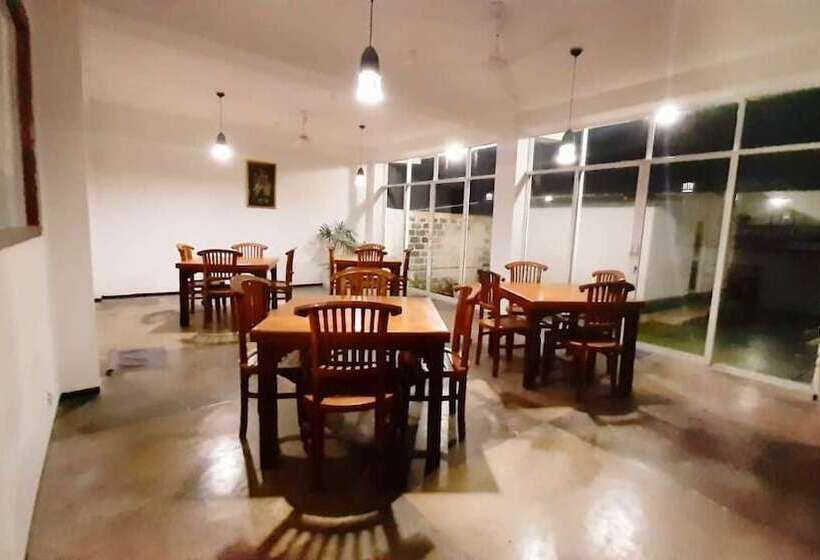 酒店 Akurala Beach Boutique Resort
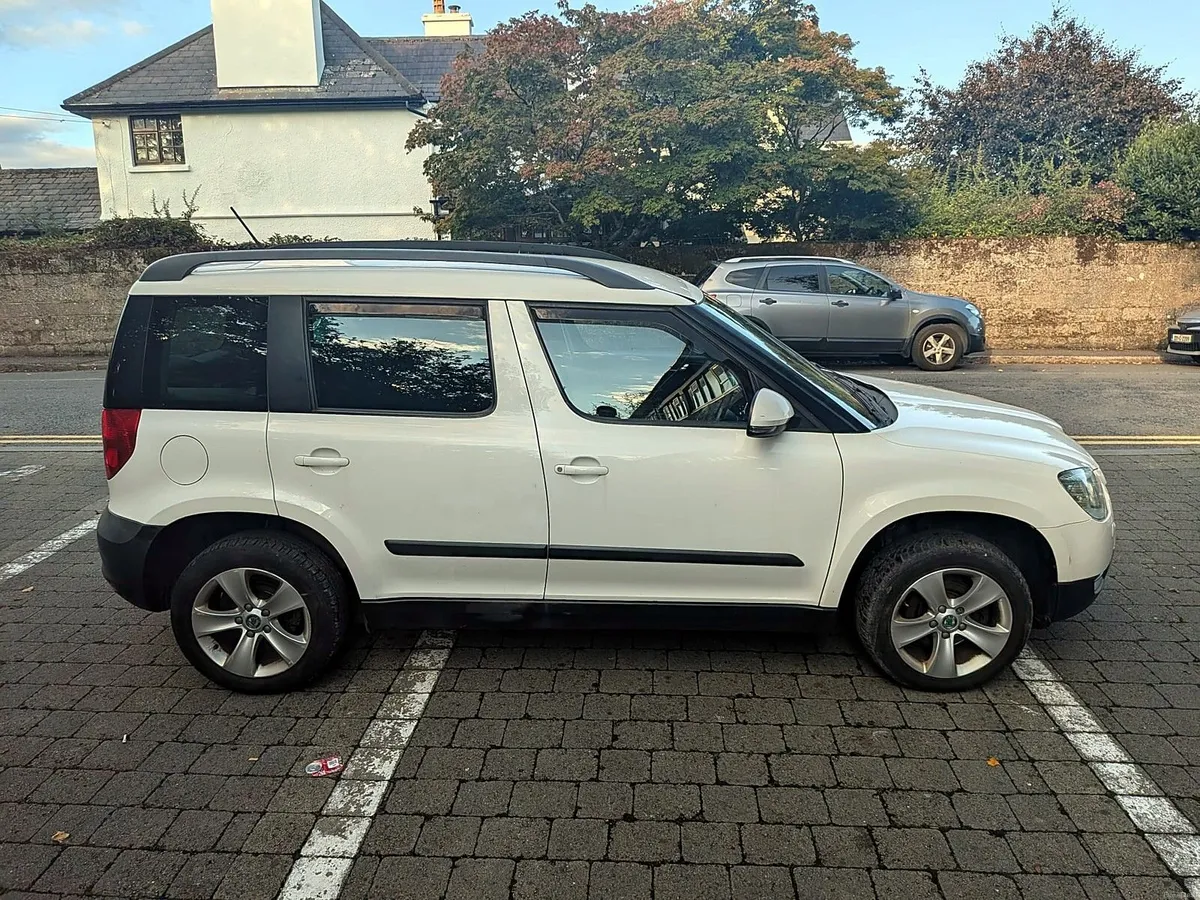2013 Skoda Yeti 1.6 TDI GreenLine — NCT & Tax 10/2 - Image 4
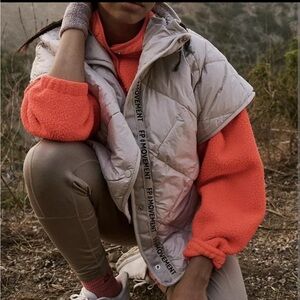 FREE PEOPLE Movement Chill Out Packable Puffer Poncho Scarf Ivory One Size🤍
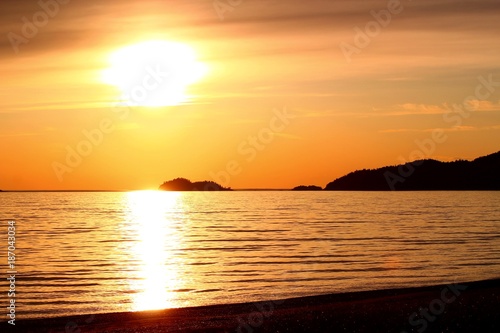 Idyllische Stimmung / Traumhafter Sonnenuntergang am Strand photo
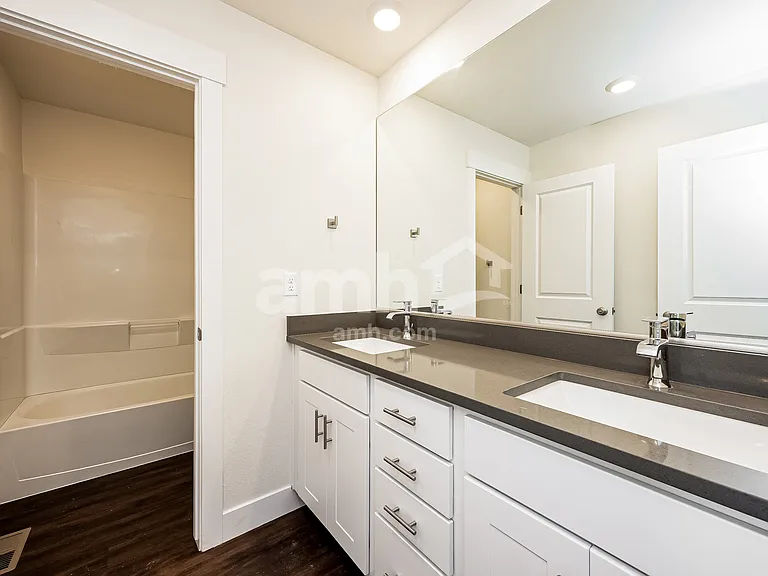 7608 Mardale Ln — Photo 19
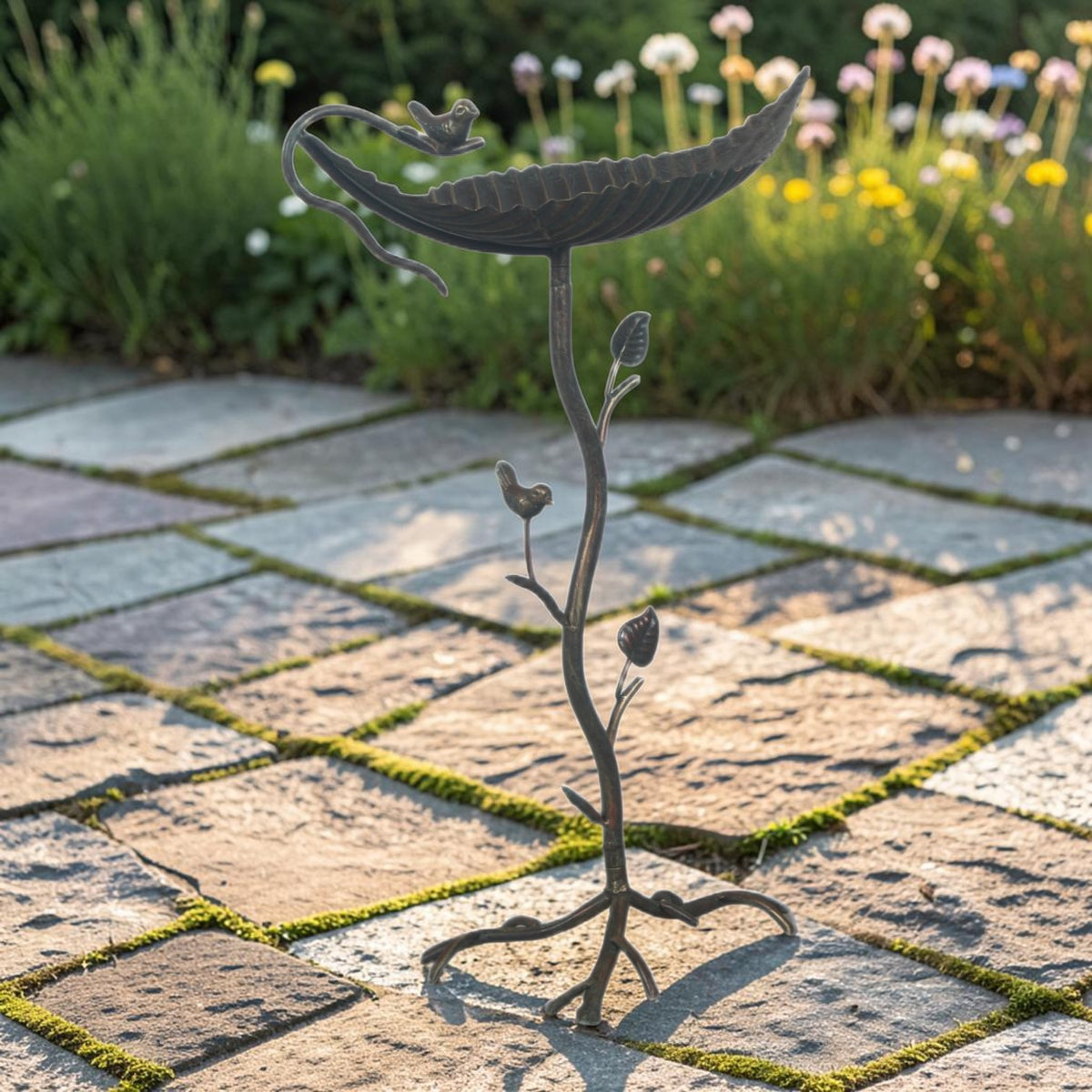 Decorative Metal Bird Feeder Garden Stake with Hanging Hook – Weather-Resistant Swaying Yard Décor
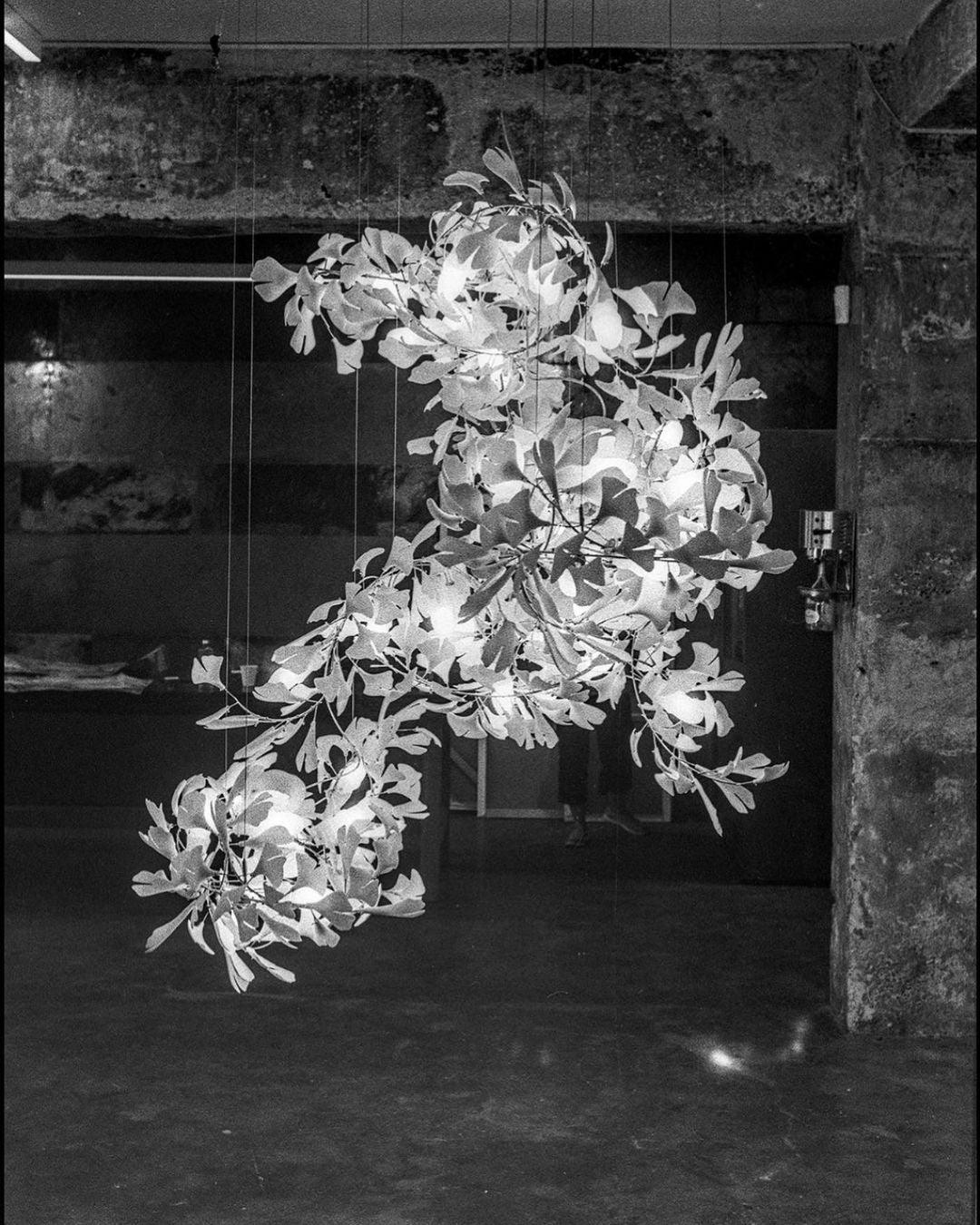 Sorvyn lámpara colgante Ginkgo de cerámica y latón floral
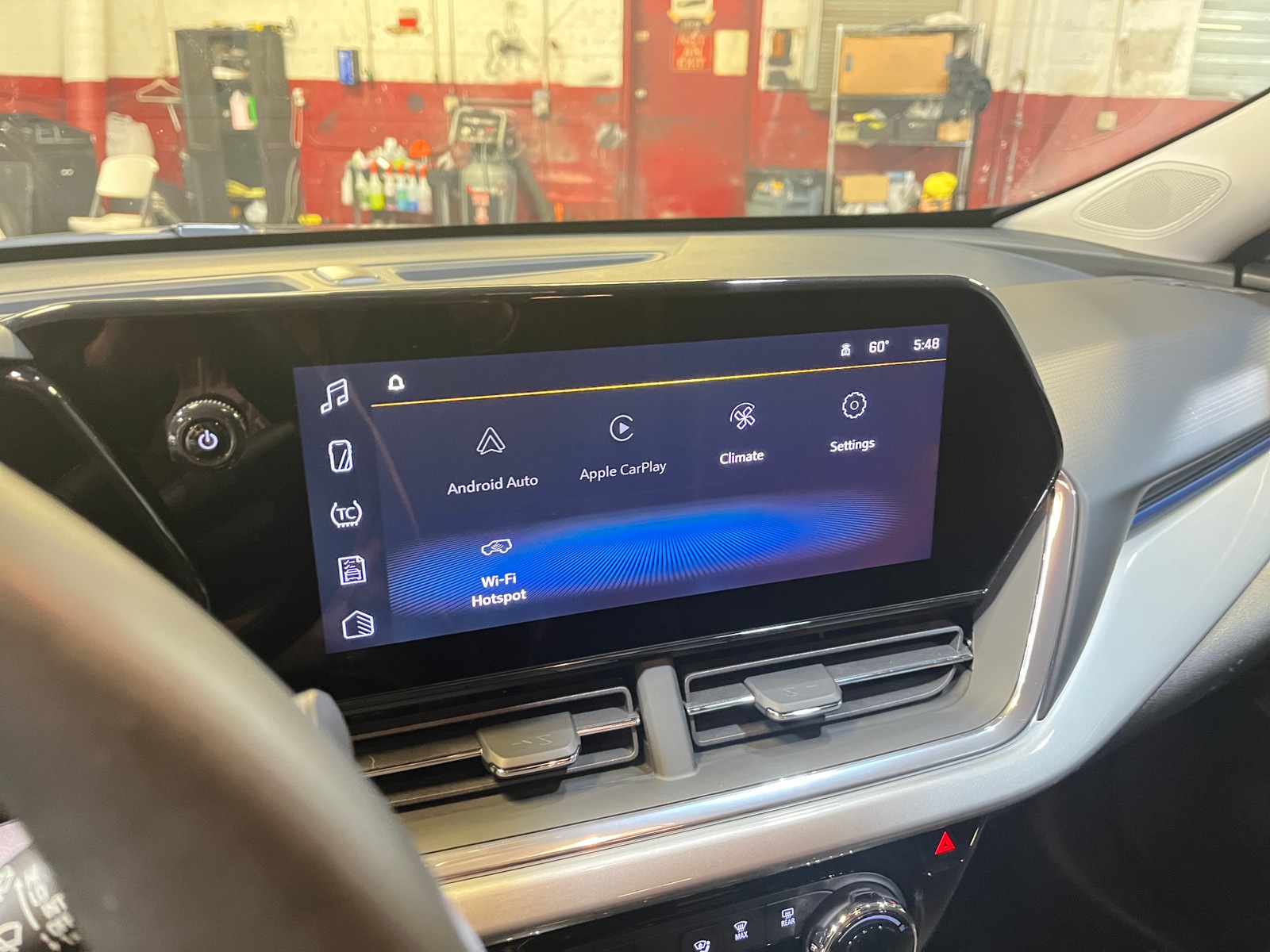 Thumbnail: 2025 Chevrolet Trax - 4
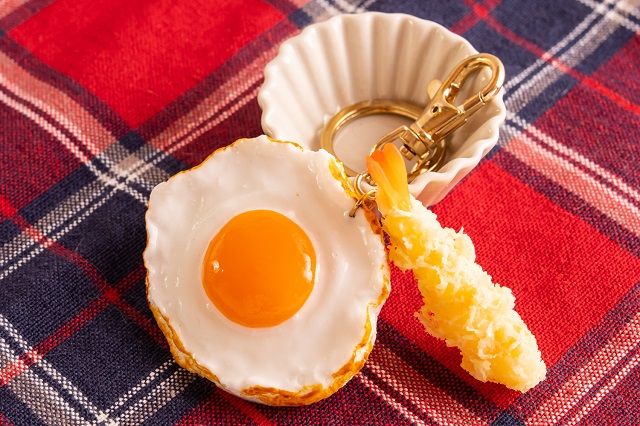 susu_eri　味な副音声 海老フライ 目玉焼き キーホルダー 食品サンプル 目玉焼き キーホルダー - HIRO1977'S GALLERY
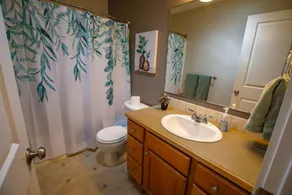 Haven House: walking paths, hot tub - Image 5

*Work instruction*:
I would like you to retype exactly the lines running from the one containing "FREE PEOPLE Movement" to the last line of the entries, both included, leaving all pictures out.

*Response for this exercise*:
 FREE PEOPLE Movement Chill Out Packable Puffer Poncho Scarf Ivory One Size🤍
 Idyllische Stimmung / Traumhafter Sonnenuntergang am Strand photo
 7608 Mardale Ln — Photo 19
 Decorative Metal Bird Feeder Garden Stake with Hanging Hook – Weather-Resistant Swaying Yard Décor
 Sorvyn lámpara colgante Ginkgo de cerámica y latón floral
 Thumbnail: 2025 Chevrolet Trax - 4
 susu_eri　味な副音声 海老フライ 目玉焼き キーホルダー 食品サンプル 目玉焼き キーホルダー - HIRO1977'S GALLERY
 Haven House: walking paths, hot tub - Image 5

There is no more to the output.